Paylaş
Sivas “Madımak Katliamı” Davası’nın 19 yıl sonra “zaman aşımından ötürü” dün düşmesinden sonra okuduğum en çarpıcı twit buydu.
Sivas Madımak otelinde bundan 19 yıl önce diri diri 37 kişi yakılmıştı Onca zamandır sanıkların bir bölümü öldü. Kalanlar da davanın “zaman aşımı”na uğramasından ötürü “mahkum olmadan” sıyırmış oldular.
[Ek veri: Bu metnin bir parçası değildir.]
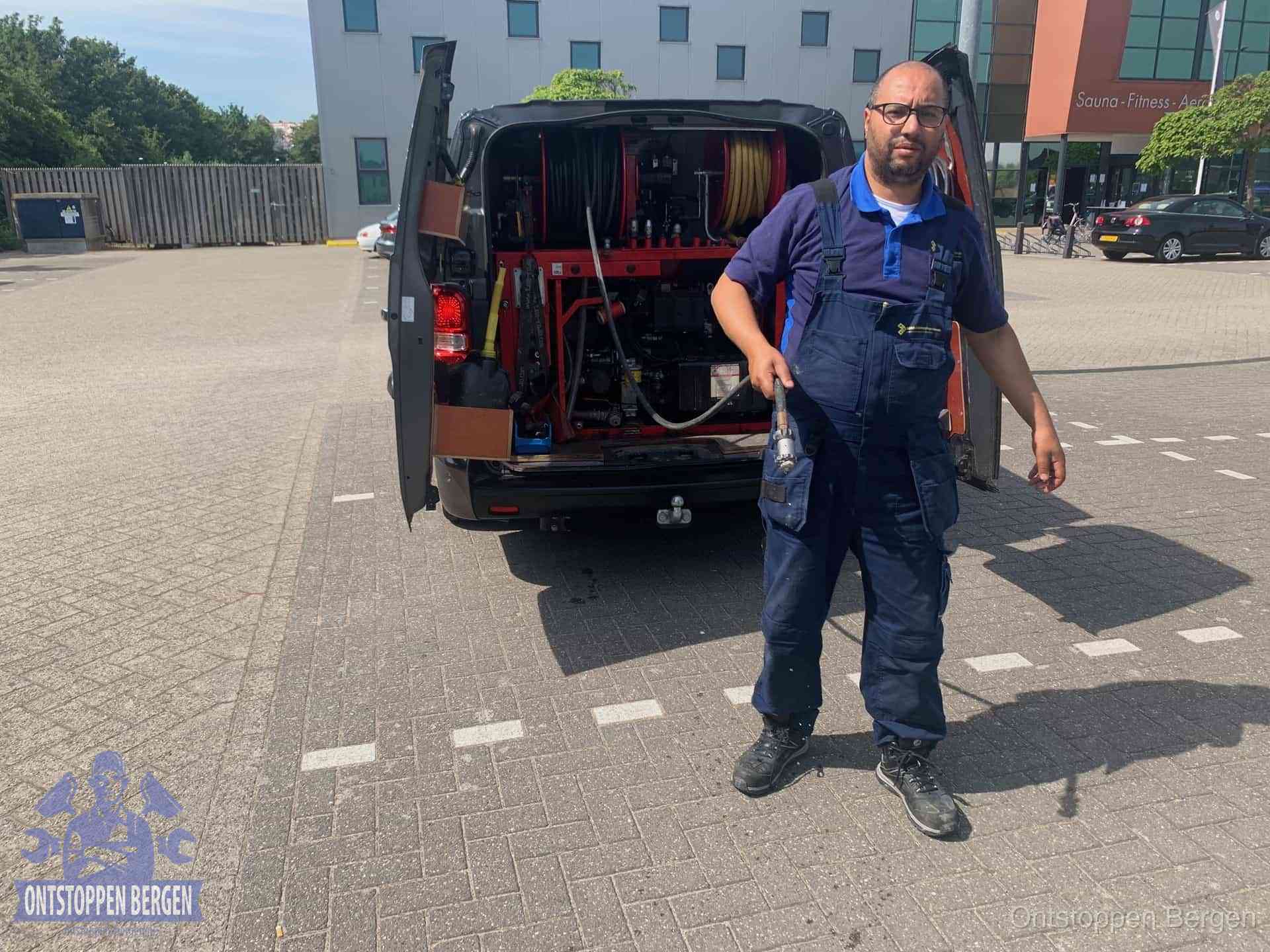 Een monteur bij zijn bestelbus met een hogedruk- en rioolreinigingsunit, klaar om de oorzaak van terugkerende wc-verstoppingen aan te pakken in Bergen
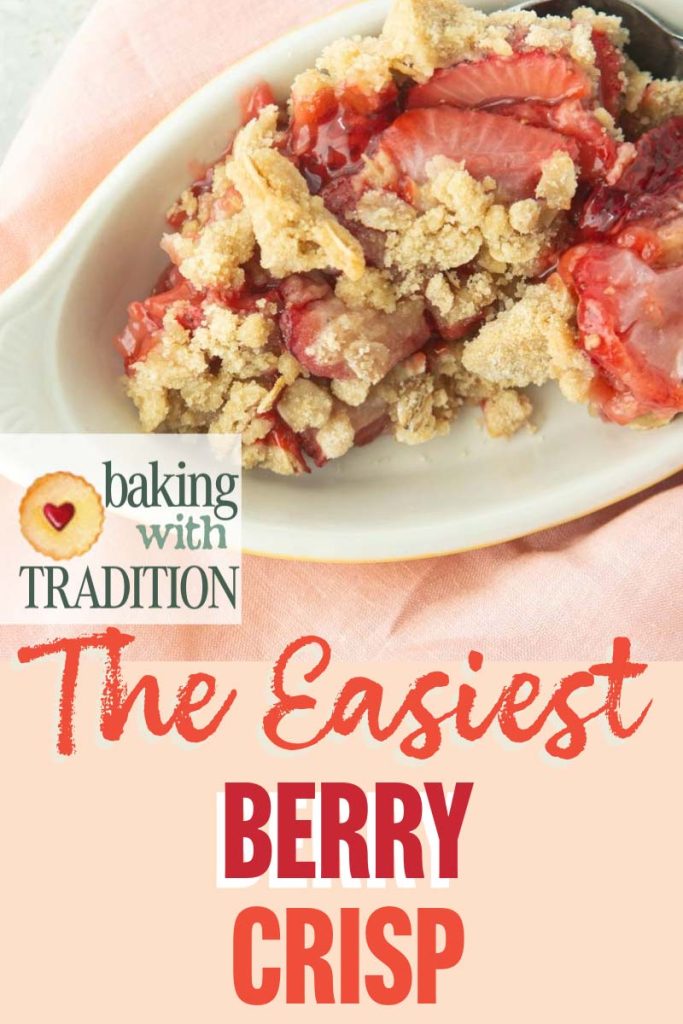 closeup of a serving of strawberry crisp in a dish with text overlay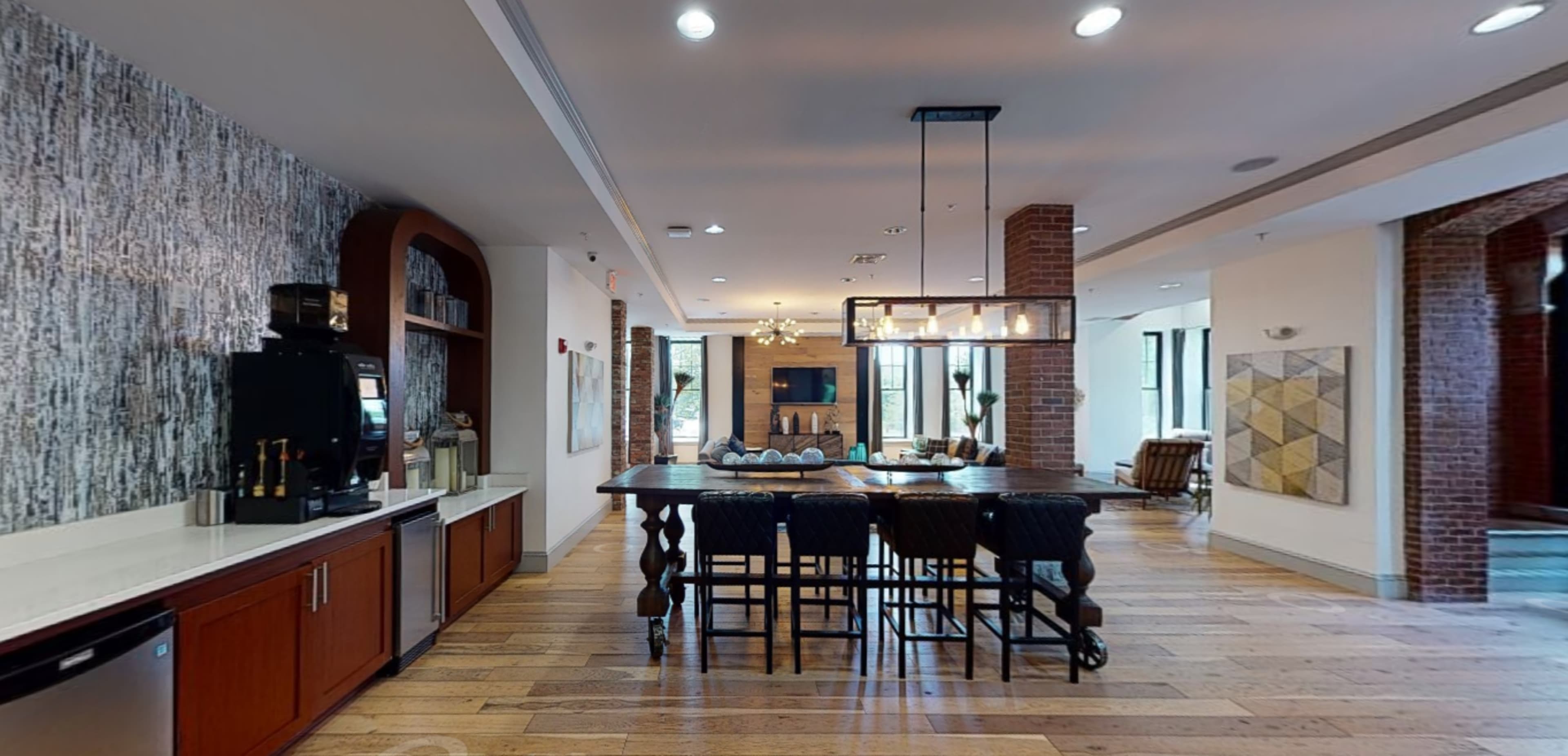 A modern interior space with a coffee station, a large dining table surrounded by chairs, and a seating area in the background.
Başbakan Tayyip Erdoğan, kararı öğrendiğinde “Milletimiz, ülkemiz için hayırlı olsun” gibi bir tepki verdi. Anlaşılan, üzerinde fazla düşünmeden bir söz sarfetmiş. Çünkü, “zaman aşımından ötürü davanın düşmesi”nin milletimize “hayırlı” hiç bir tarafı yok.
Kararı açıklayan Ankara 11. Ağır Ceza Mahkemesi Başkanı Dündar Örsdemir bile kararın garabetini şu sözlerle dile getirdi: “İnsanlık suçunda zaman aşımı olmaz. Ancak, bu işleyenler kamu görevlisi değil. Sivil oldukları için davanın düşmesine karar verildi.”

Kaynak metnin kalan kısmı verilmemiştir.